A Nova objetividade em arquitetura, como ocorre na pintura e na literatura, descreve a obra alemã dos anos de transição em princípios dos anos vinte na cultura de Weimar, como uma reação direta aos excessos estilísticos da arquitetura expressionista e o câmbio no estado de ânimo nacional. Arquitetos como Bruno Taut, Erich Mendelsohn e Hans Poelzig voltaram-se para o enfoque simples, funcional e prático da Nova objetividade; a sua aplicação à arquitetura deu como resultado que se conhecera na Alemanha como Neues Bauen ("Novo edifício"). O movimento Neues Bauen, que floresceu no breve período entre a adoção do plano Dawes e o auge do nazismo, abrangeu exposições públicas como o Weissenhof Estate, o amplo planejamento urbano e projetos de promoções públicas de Taut e Ernst Mãe, e os influentes experimentos da Bauhaus.

Legado[editar | editar código-fonte]

Considera-se normalmente que o movimento Nova objetividade acabou quando caiu a República de Weimar quando os nazis, sob o liderado de Adolf Hitler, obtiveram o poder em março de 1933. As autoridades nazis condenaram grande parte da obra da Nova objetividade considerando-a arte degenerada; confiscaram e destruíram muitas obras, e foi-lhe proibido expor a muitos artistas. A uns poucos, entre eles Karl Hubbuch, Adolf Uzarski e Otto Nagel, foi-lhes proibido totalmente pintar. Enquanto algumas das grandes figuras do movimento marcharam para o exílio, não continuaram pintando no mesmo estilo. George Grosz emigrou para os Estados Unidos e adotou um estilo romântico, e a obra de Max Beckmann para quando abandonou Alemanha em 1937 foi, em palavras de Franz Roh, expressionista.
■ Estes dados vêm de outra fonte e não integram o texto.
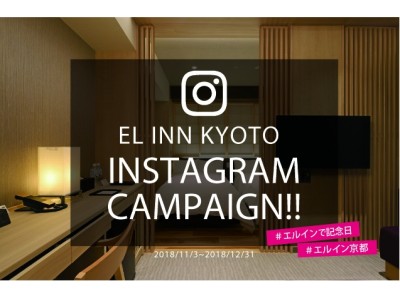 インスタグラムに投稿して京都に泊まろう！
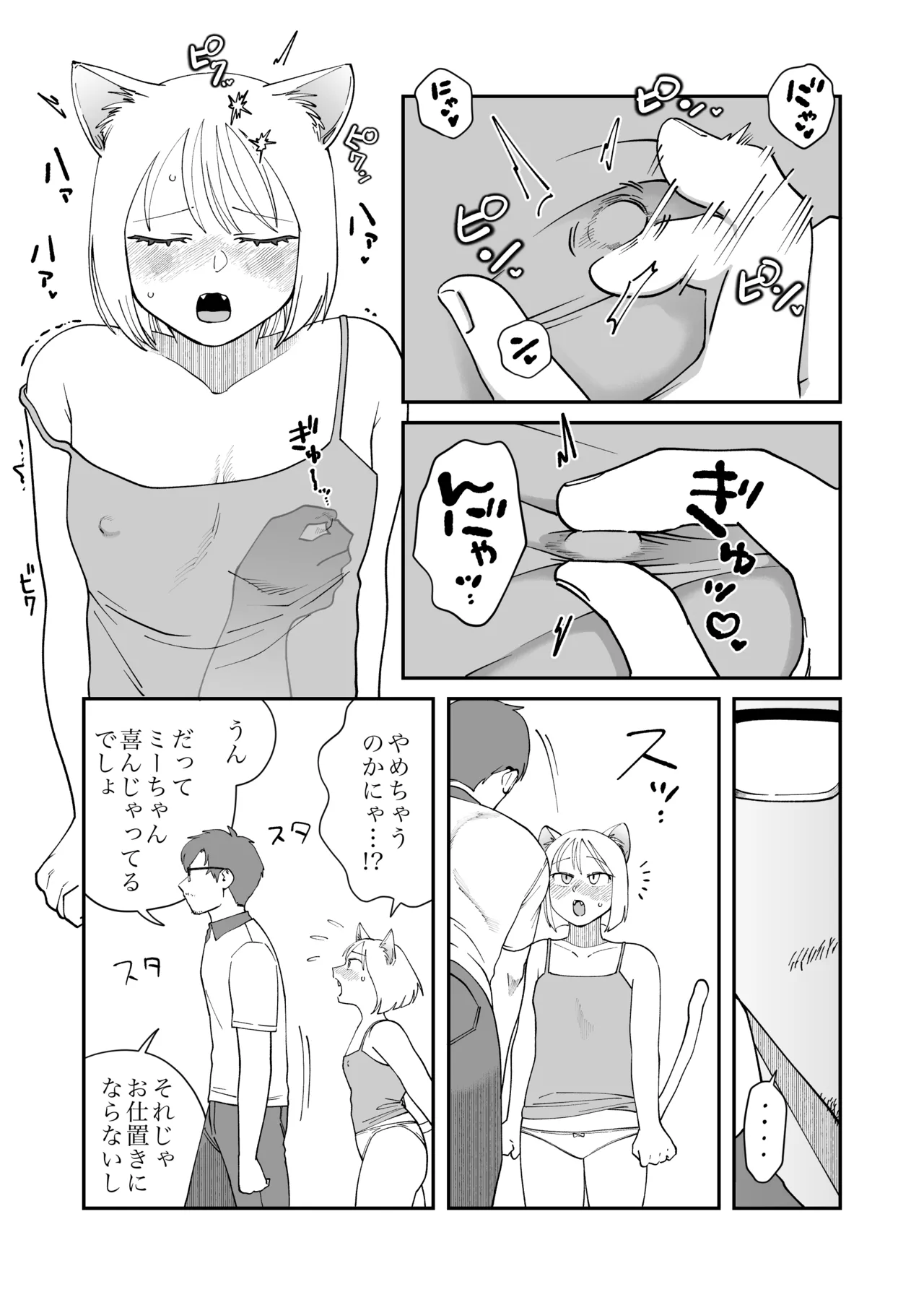 ペットと私2 -ミーちゃんの場合- Page.6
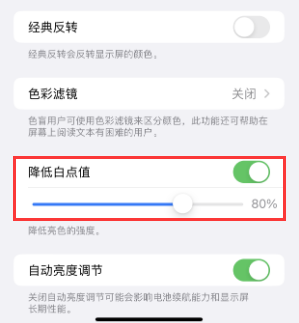 本溪苹果电池维修分享iPhone省电巧妙设置降低白点值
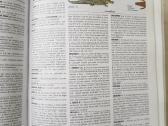Le Petit Larousse enciklopedija - nuotraukos Nr. 4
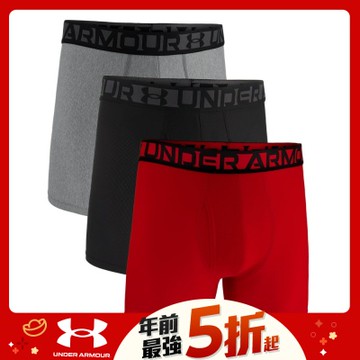 【UNDER ARMOUR】UA 男 Ess Tech Mesh 6吋四角褲(3入)_1385460-600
A influência da Nova objetividade fora da Alemanha pode ser vista na obra de artistas como Balthus, Salvador Dalí (em obras temporãs como o seu Retrato de Luis Buñuel de 1924), Auguste Herbin, Maruja Mallo, Cagnaccio di San Pietro, Grant Wood, Adamson-Eric e Juhan Muks.

Bibliografia[editar | editar código-fonte]

  • ALBRIGHT, Daniel (2004). Modernism and Music: An Anthology of Sources. University of Chicago Press. ISBN 0-226-01267-0.
  • BONET, Juan Manuel, et al. (1997). Realismo Magico: Franz Roh y la Pintura Europea 1917-1936. Valencia: IVAM Institut Valencià d'Art Modern. ISBN 84-482-1527-3
  • CARRASSAT, P.F.R. e MARCADÉ, I., Movimientos de la pintura, colección Reconocer el arte, Larousse, Barcelona, 2004 Spes Editorial, S.L. ISBN 84-8332-596-9
  • KAES ET AL., eds (1994). The Weimar Republic Sourcebook, p. 493. Berkeley: University of California Press. Citado en Albright (2004).
  • MICHALSKI, Sergiusz (1994). New Objectivity. Colonia: Benedikt Taschen. ISBN 3-8228-9650-0
  • SCHMIED, Wieland (1978). Neue Sachlichkeit and German Realism of the Twenties. Londres: Arts Council of Great Britain. ISBN 0-7287-0184-7
  • WILLETT, John (1978). Art and Politics in the Weimar Period: The New Sobriety 1917-1933. Nueva York: Da Capo Press, 1996. ISBN 0-306-80724-6.